In the New York Times story How the U.S. Lost Out on iPhone Work, the author’s describe slave labor camps that build Apple iPhone’s where people work 6 days a week, 12 hours a day for $17 a day. Apple saves $15 per iPhone by using Chinese labor.
Chinese workers at Apple’s Foxconn City can be made to get out of bed on demand, like someone in a concentration camp. “Apple had redesigned the iPhone’s screen at the last minute, forcing an assembly line overhaul. New screens began arriving at the plant near midnight. A foreman immediately roused 8,000 workers inside the company’s dormitories, according to the executive. Each employee was given a biscuit and a cup of tea, guided to a workstation and within half an hour started a 12-hour shift fitting glass screens into beveled frames. Within 96 hours, the plant was producing over 10,000 iPhones a day.” NY Times
Apple’s management team made the mistake that forced 8,000 people out of their beds. The workers paid the price by working for a cup of tea and a biscuit.
Apple is not alone in using Foxconn, who is said to manufacture more than 40% of the world’s consumer electronics for the likes of Dell, Sony, Samsung, HP, Nokia, Nintendo and Amazon. Unlike the Nike scandal of slave labor, we look the other way when smartphones and flat screen TVs are made under such conditions.
Our demand for the lowest price for consumer goods at any cost is destroying the middle class purchasing power that used to drive the economy.
Some of course argue that unions and the demands of labor in North America and the EU have made resorting to cheap labor a necessity. However, that does not explain the rash of suicides reported at Foxconn city last year and the stories this year of Chinese workers threatening to throw themselves off buildings if working conditions didn’t improve.
Those few stories are the one’s that we hear. News and the internet in China is tightly controlled by the government. Censorship is a way of life for the Chinese internet.
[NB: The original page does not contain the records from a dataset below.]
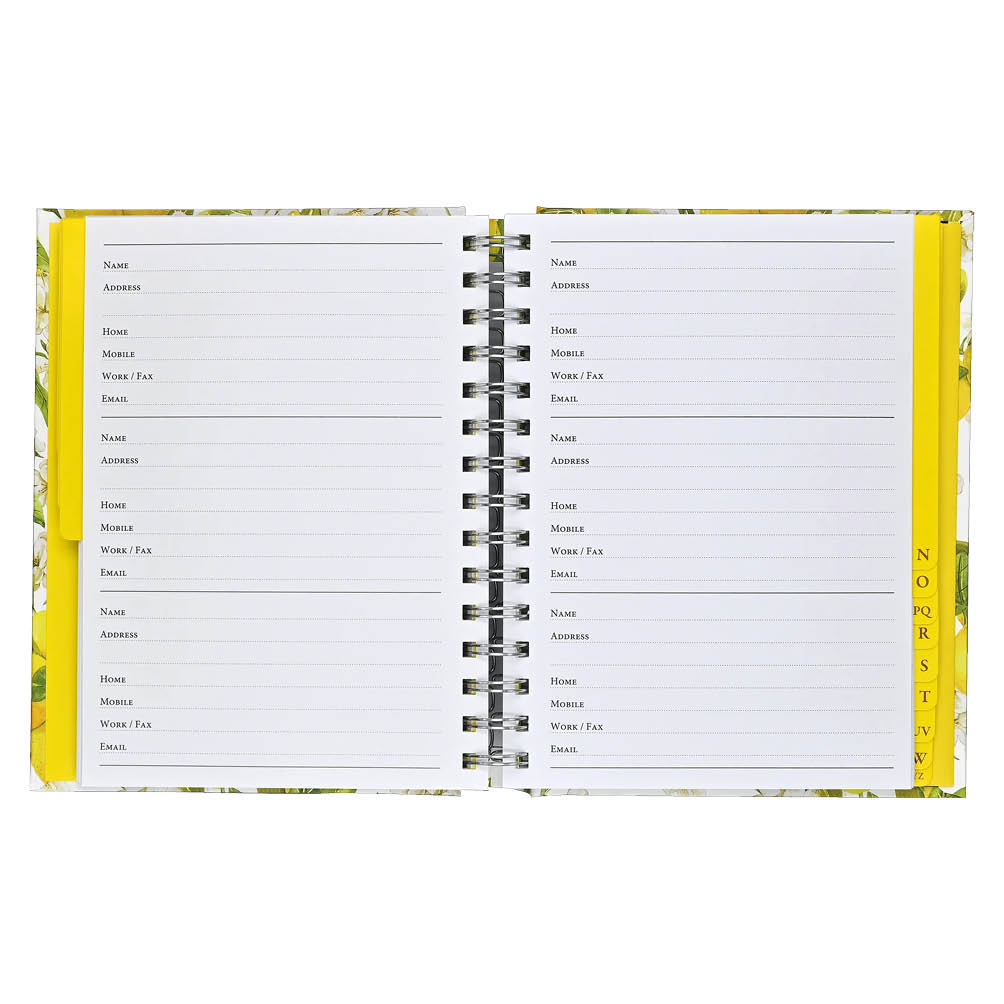 Addressbook Large Peter Pauper Amalfi Lemons - Afbeelding 4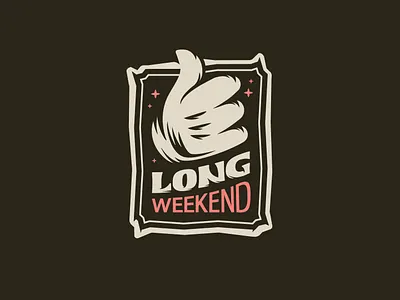 Long Weekend artwork branding cartoon design doodle drawing illustration logo typography vector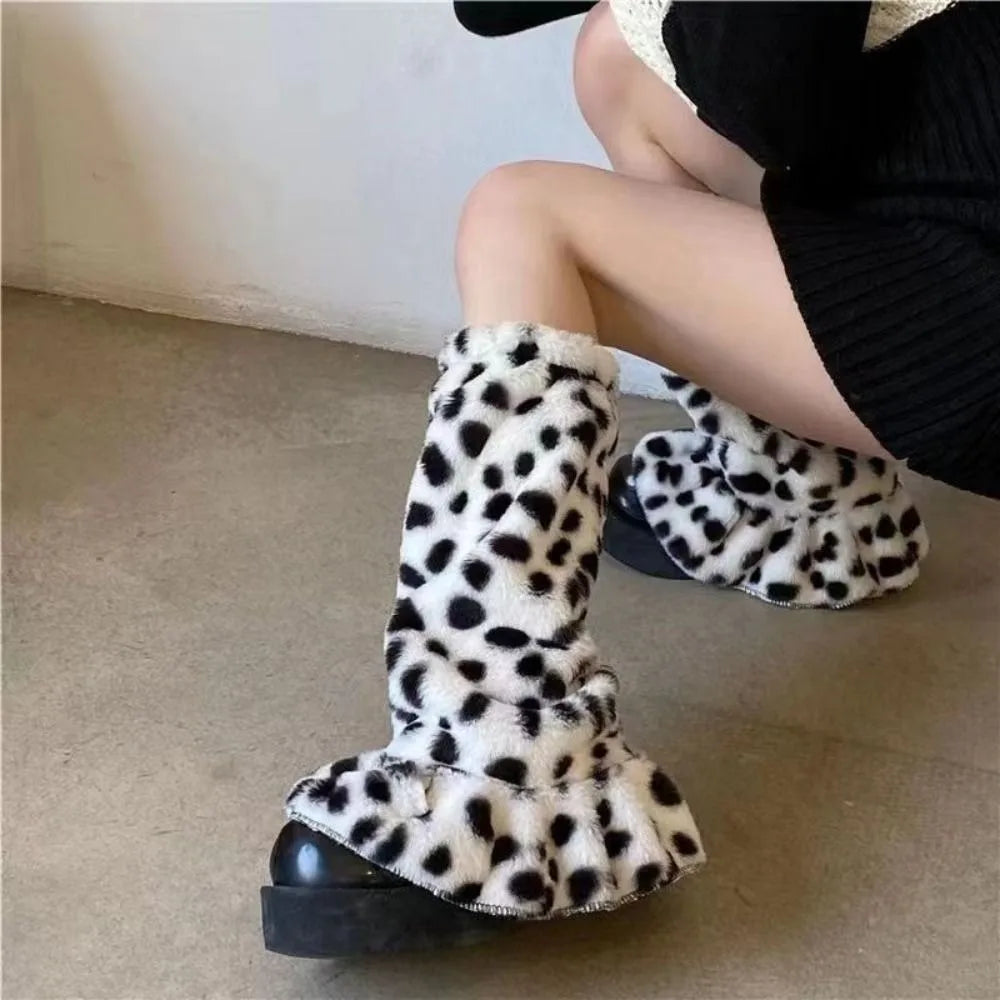 PlushQueen: Leopardikuosiset talviset säärystimet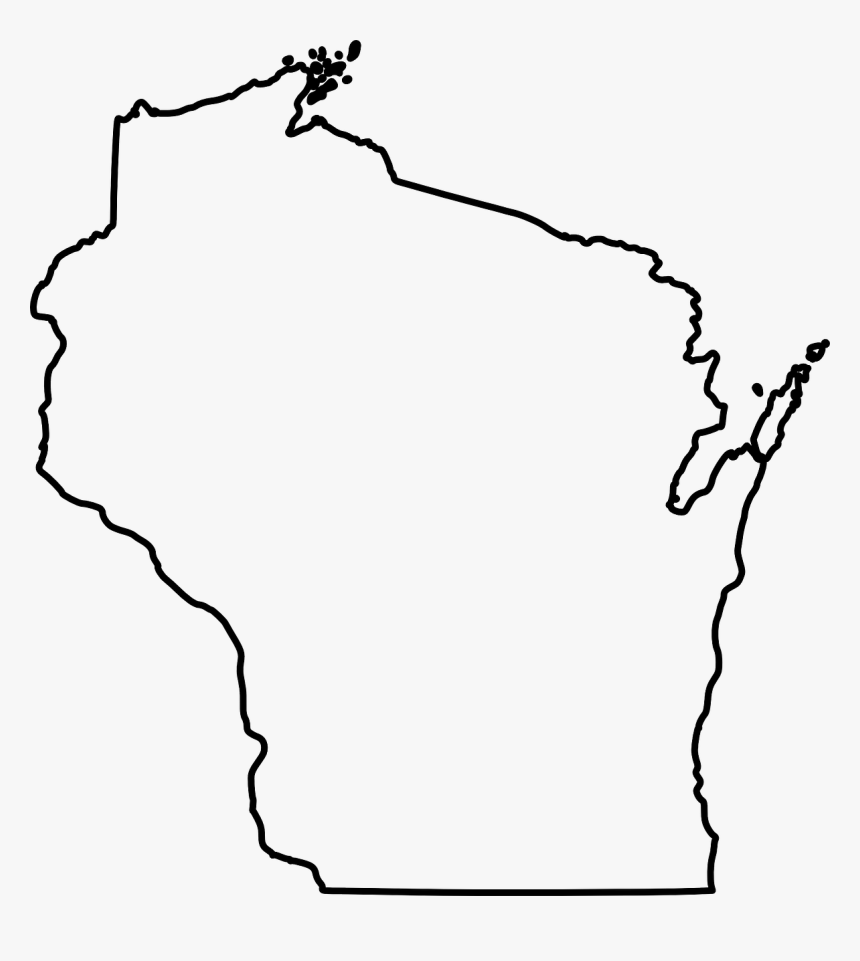 Wisconsin State Outline, HD Png Download, Free Download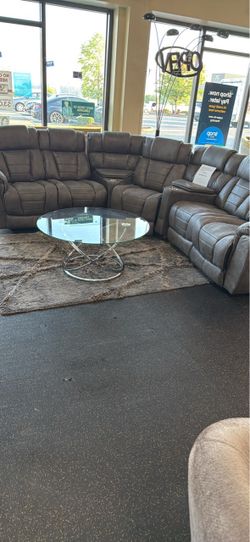 Power Reclining Sectional On Sale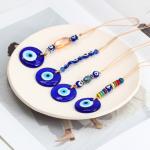 Braided Rope Heart Wall Hanging with Evil Eye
Commenting on China’s internet censorship, the Los Angeles Times reported “It’s hard for people in the U.S. to understand Internet censorship in China,” said Wen Yunchao, a prominent blogger and outspoken government critic who left mainland China recently for Hong Kong. “In China, all the government decisions are done in a dark box. No one knows what’s going on. There’s never any legal reason cited.”
The pattern of cheap labor exploitation is not new. After World War II, Japan was the West’s source of low cost labor. The market has shifted to Taiwan, Korean, Singapore, and currently China. As each economy got closer to the costs in North America and the EU, multinational companies moved their manufacturing plants.
“It is hard to estimate how much more it would cost to build iPhone’s in the United States. However, various academics and manufacturing analysts estimate that because labor is such a small part of technology manufacturing, paying American wages would add up to $65 to each iPhone’s expense.” NY Times
Would North American consumers be willing to pay $65 more for an iPhone from the company that told us to Think different?
The New York Times article deserves to be read along with more than 700 reader comments at your leisure.